In its original rate case request, PSCo proposed to shorten the depreciable lives for certain assets, which would have resulted in a material increase in depreciation expense. As a result of the settlement, PSCo will not implement the depreciation changes, but will instead file a standalone case to address depreciation, amortization and decommissioning in early 2016. The results of the depreciation case will become effective as part of the 2018 electric rate case.

The CPUC is expected to issue a decision regarding the settlement in the first quarter of 2015 and final rates would be effective Feb. 13, 2015.


15


PSCo – Annual Electric Earnings Test — As part of an annual earnings test, PSCo must share with customers a portion of any annual earnings that exceed PSCo’s authorized ROE threshold of 10 percent for 2012-2014. In April 2014, PSCo filed its 2013 earnings test with the CPUC proposing a refund obligation of $45.7 million to electric customers. This tariff was approved by the CPUC in July 2014. As of Dec. 31, 2014, PSCo has also recognized management’s best estimate of the expected customer refund obligation for the 2014 earnings test of $74.0 million.

PSCo – Boulder, Colo. Municipalization PSCo’s franchise agreement with the City of Boulder (Boulder) expired in December 2010. In November 2011, a ballot measure was passed by the citizens of Boulder, which authorized the formation and operation of a municipal light and power utility and the issuance of enterprise revenue bonds, subject to certain restrictions, including the level of initial rates and debt service coverage. In May 2014, the Boulder City Council passed an ordinance to establish an electric utility.

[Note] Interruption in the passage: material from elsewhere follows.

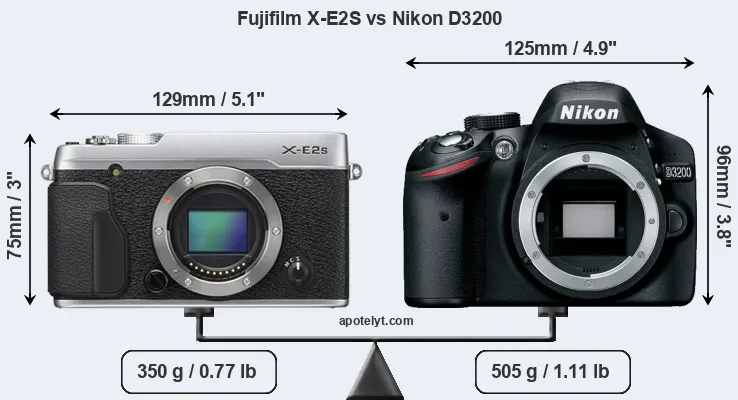 Size Fujifilm X-E2S vs Nikon D3200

In 2013, the CPUC ruled that it has jurisdiction under Colorado law to determine the utility that will serve customers outside Boulder’s city limits, and will determine certain system separation matters as well as what facilities need to be constructed to ensure reliable service. The CPUC has declared that it should make its determinations prior to any eminent domain actions. In January 2014, Boulder appealed this ruling to the Boulder District Court. In January 2015, the Boulder District Court affirmed the CPUC decision.

Boulder sent PSCo an offer of $128 million for certain portions of PSCo’s transmission and distribution business. PSCo has notified Boulder that its offer was deficient. Under Colorado law, a condemning entity must pay the owner fair market value for the taking of and damages to the remainder of the property.

In July 2014, Boulder filed a petition for condemnation in the Boulder District Court. PSCo filed a motion to dismiss the petition based upon the CPUC’s ruling that it must determine the appropriate system separations prior to Boulder filing its condemnation case. PSCo’s motion to dismiss is currently pending.

In August 2014, PSCo filed a petition with the FERC requesting an order requiring that Boulder’s attempt to acquire PSCo’s transmission and distribution facilities by condemnation requires prior FERC approval under the Federal Power Act. Boulder opposed the petition in October 2014. In December 2014, the FERC issued an order granting PSCo’s petition.

If Boulder is allowed to proceed with its condemnation petition and were to succeed in the eminent domain proceeding, PSCo would seek to obtain full compensation for the business and its associated property taken by Boulder, as well as for all damages resulting to PSCo and its system. PSCo would also seek appropriate compensation for stranded costs with the FERC.

SPS – Texas 2015 Electric Rate Case — In December 2014, SPS filed a retail electric, non-fuel rate case in Texas with each of its Texas municipalities and the Public Utility Commission of Texas (PUCT) seeking an overall increase in annual revenue of approximately $64.75 million, or 6.7 percent. The filing is based on an HTY ended June 2014, adjusted for known and measurable changes, an ROE of 10.25 percent, an electric rate base of approximately $1.56 billion and an equity ratio of 53.97 percent.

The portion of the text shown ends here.